Data excerpts
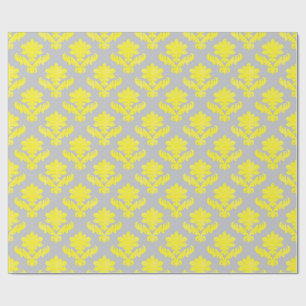 French Tapestry Bright Yellow and Grey Wrapping Paper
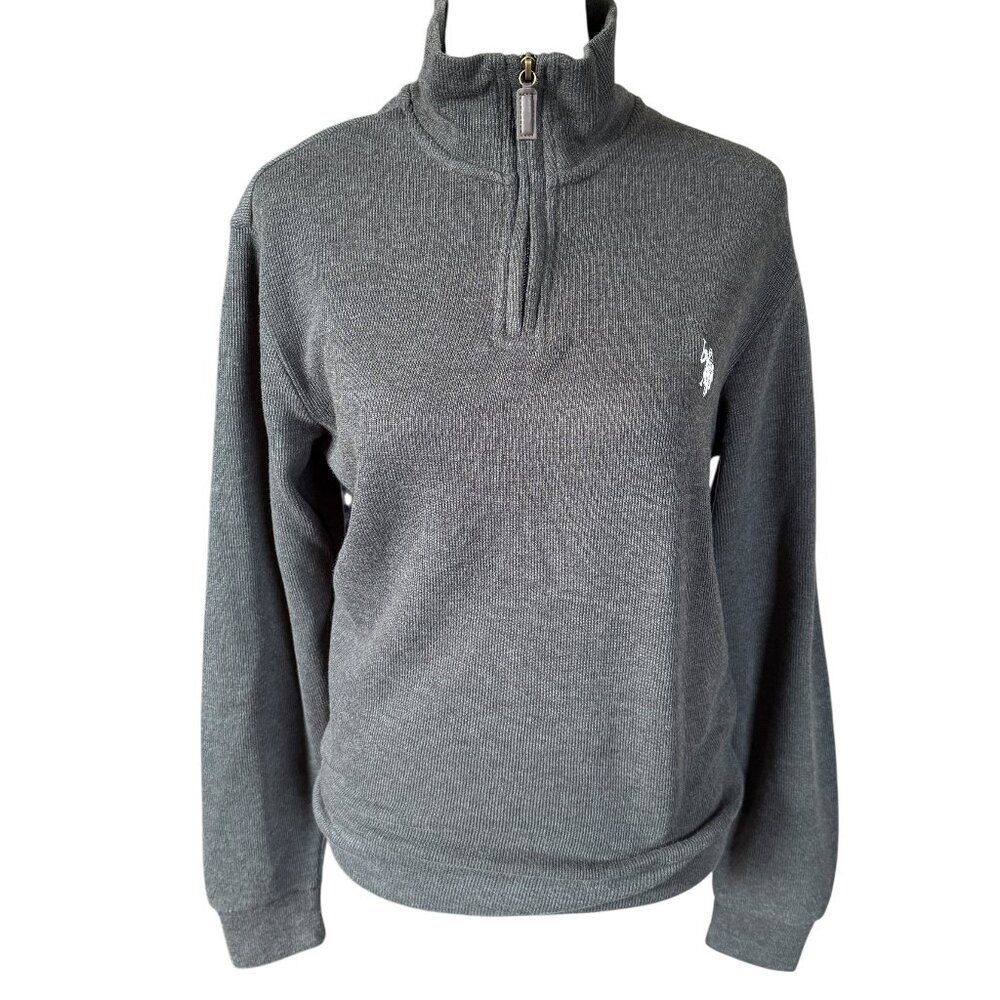 U.S. Polo Assn. XS black heather long sleeve 1/4 zip flatback sweatshirt jacket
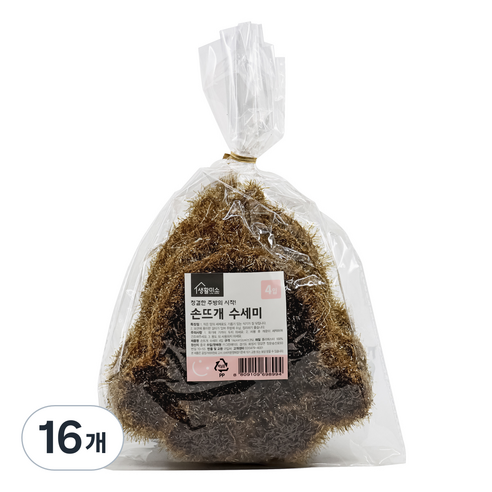 생활미소 곰발바닥 손뜨개 수세미, 1개입, 16개
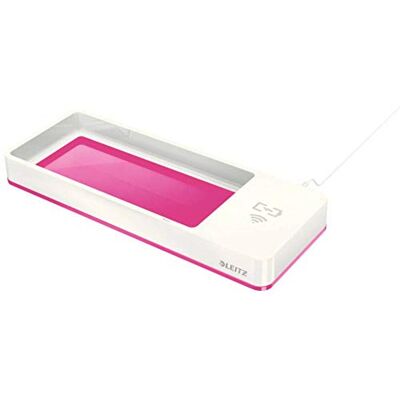 Leitz TS-120559 Wow Desk Organiser with Inductive Charger, Pink Leitz TS-120559 Wow Desk Organiser with Inductive Charger, Pink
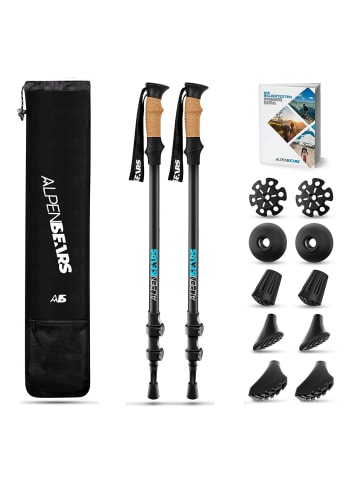 Alpen Bears Wanderstöcke Aluminium Damen  Schwarz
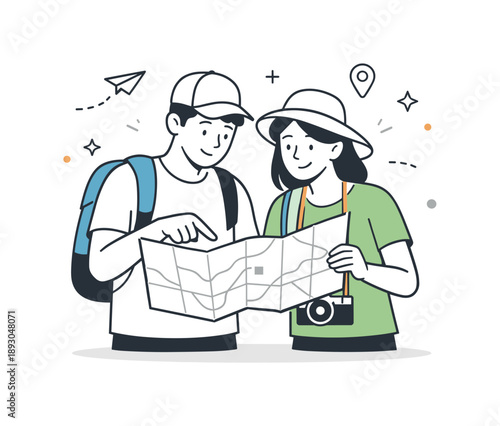 Tourists with Map. Tourists with map. Two travelers standing together and looking at a paper map, discussing directions. Calm exploration mood, curiosity, and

Exercise description –
Return every record exactly. Pictures stay out.

Written solution –
 French Tapestry Bright Yellow and Grey Wrapping Paper
 U.S. Polo Assn. XS black heather long sleeve 1/4 zip flatback sweatshirt jacket
 생활미소 곰발바닥 손뜨개 수세미, 1개입, 16개
 Leitz TS-120559 Wow Desk Organiser with Inductive Charger, Pink Leitz TS-120559 Wow Desk Organiser with Inductive Charger, Pink
 Alpen Bears Wanderstöcke Aluminium Damen  Schwarz
 Tourists with Map. Tourists with map. Two travelers standing together and looking at a paper map, discussing directions. Calm exploration mood, curiosity, and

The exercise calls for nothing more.